Forum OpenACS Q&A: little problem with nsd8x

Collapse
Posted by David Kuczek on
I have been running the AOLserver with a symbolic link in /bin to
nsd76 until the day before yesterday as I saw a thread on the
openacs4.0 Design forum that you should rather use nsd8x.

(I couldn't post that link as a link again - it cut everything after
the "?") https://openacs.org/bboard/q-and-a-fetch-msg.tcl?msg_id=0001Hp&topic_id=12&topic=OpenACS%204%2e0%20Design

So I tried nsd8x and got a weird output for special German characters
like "ä, ö", which I didn't get using nsd76. The output
looked like "A&x" or something like that.

The important thing about it is that I was too lazy to write an "&
auml;" for every "ä" in the first place, as I translated the
openacs texts into German.

As it is better to use the html standard than to be lazy I want to
change all the ä,ö,ü etc. in my documents into their html-synonym. Is
there a command in linux similar to "grep" where I can search all the
documents in my tree for those characters and change them all in one
sweep.... This would be very cool.

Thanks

Collapse
Posted by Henry Minsky on
Actually that's a little can of worms you just found. Tcl 7 did not use Unicode internally,
so it had the feature/bug of preserving 8 bit characters sometimes.

Tcl 8 uses Unicode strings internally, and thus needs to be told what encoding
input and output are in, so it can convert properly to Unicode. This allows Japanese
and other non-ASCII encodings to be handled properly.

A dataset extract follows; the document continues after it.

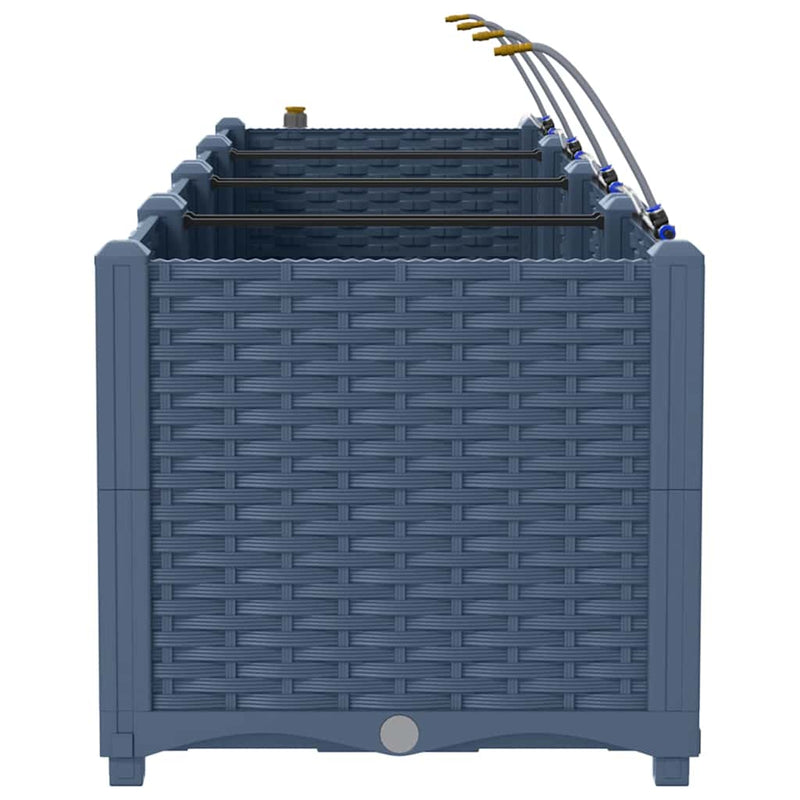 vidaXL Kerti ültetők Szürke 120 x 40 x 37.5 cm Acél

However, the AOLserver maintainers did not properly fix AOLserver to use Unicode.
So ArsDigita ended up having to patch AOLserver. YOu need to use the latest
ArsDigita release (+ad12). It pretty much will default to ISO-8859-1 encoding
I think, unless Rob set it to use UTF8 (I thought I saw something about this).

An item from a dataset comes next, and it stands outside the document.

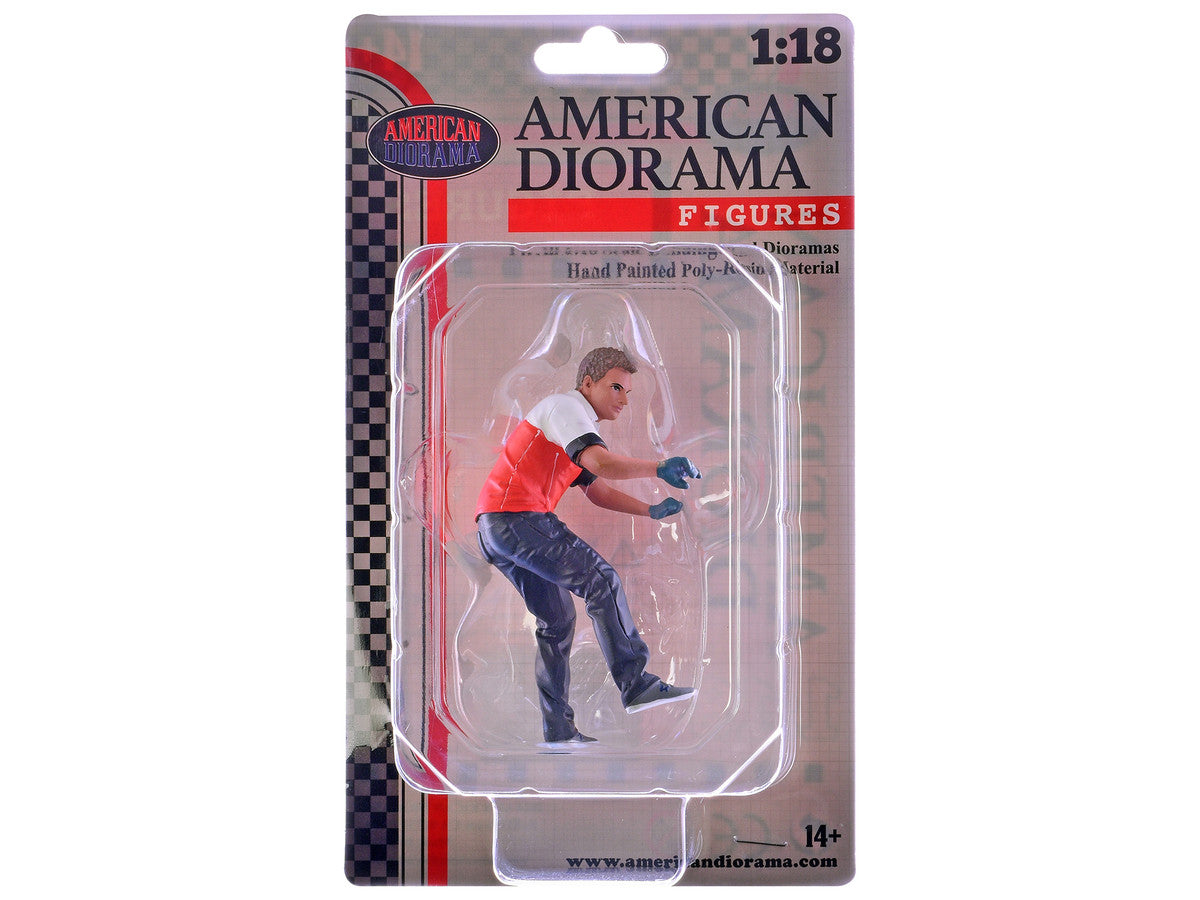 "Race Crew" Figure #6 for 1/18 scale models by American Diorama-1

You should look at my patches at http://www.ai.mit.edu/people/hqm/openacs and http://imode.arsdigita.com/i18n
for some advice on how to deal with character sets. But setting
up URLCharset and OutputCharset to ISO-8859-1 in your .tcl init file should mostly work.
The issue is how .tcl and .adp files are sourced from disk. It used to be
.tcl files would get interperted using the defualt tcl system encoding, which was
usually iso-8859-1. But adp files were read as raw UTF8. You need to patch
things a little to get consistent behavior.

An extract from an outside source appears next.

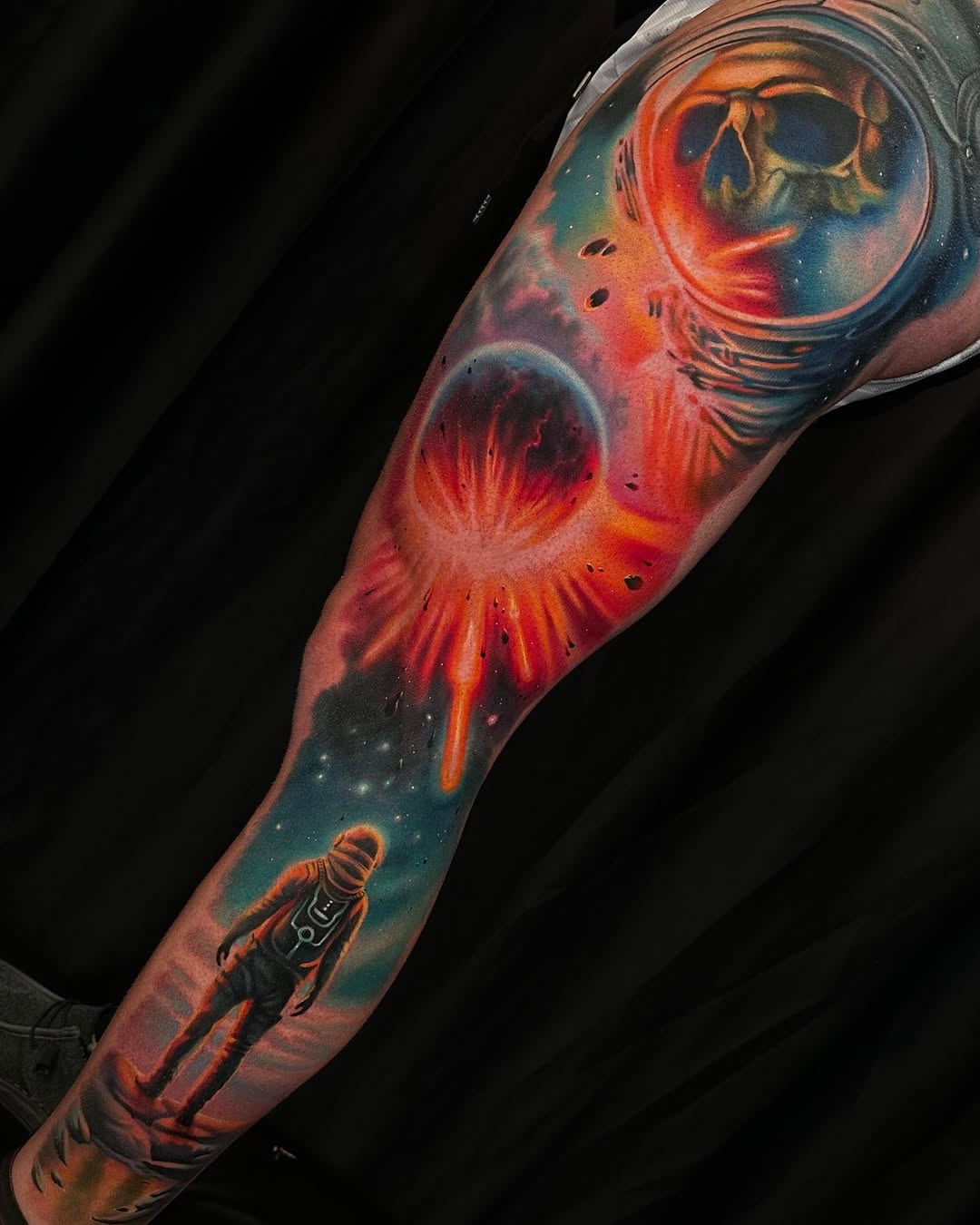 Tattoo work at Hell City Tattoo Fest – Phoenix 2026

Although Rob put the needed hooks
into AOLserver, the toolkit  developers at ArsDigita didn't make it a real priority
to get charset encoding integrated properly into the ACS toolkit releases, since everyone speaks English,
right? At least everyone with money in their pockets, and it was  hard to test for
the  developers.

My hope is that when the OpenACS 4 release is out, we can integrate and document how to  control  charset
encoding  in a nice consistent manner, and we can integrate that with the acs-lang module which
handles message catalogs for translation, and some other goodies like Tcl routines internationalized time and
date formatting.

Collapse
Posted by David Kuczek on
Hello Henry,

we only have 4 characters in the German language that are different. They are ä ö ü ß.

When I change the URLCharset and OutputCharset to ISO-8859-1, will those characters be outputted correctly on even an english browser?

What about the grep command to change certain things in every document... Or wouldn't you recommend doing that, if it is possible at all. There should be a command which scans all the .tcl documents and you have to confirm or skip on a matching pattern.
Collapse
Posted by Henry Minsky on
ISO-8859-1 is supposed to handle English, German, French, Spanish, and
maybe some others as well. So you should be able to
author your files in ISO-8859-1 without any special HTML escapes.

If you .adp files are in ISO-8859-1, though, you may need my
patch which reads the .adp script into Tcl using the
desired encoding. If you just let the system call ns_adp_parse
on a file, I believe it will try to read it in as UTF8. You can
convert your .adp file to UTF8 if you want, but that is a pain.
It is better to use a patch which reads the .adp file
into a Tcl string and then calls ns_adp_parse with the -string option.

Collapse
Posted by Andrew Piskorski on
David, someone has probably written a perl script to do just that.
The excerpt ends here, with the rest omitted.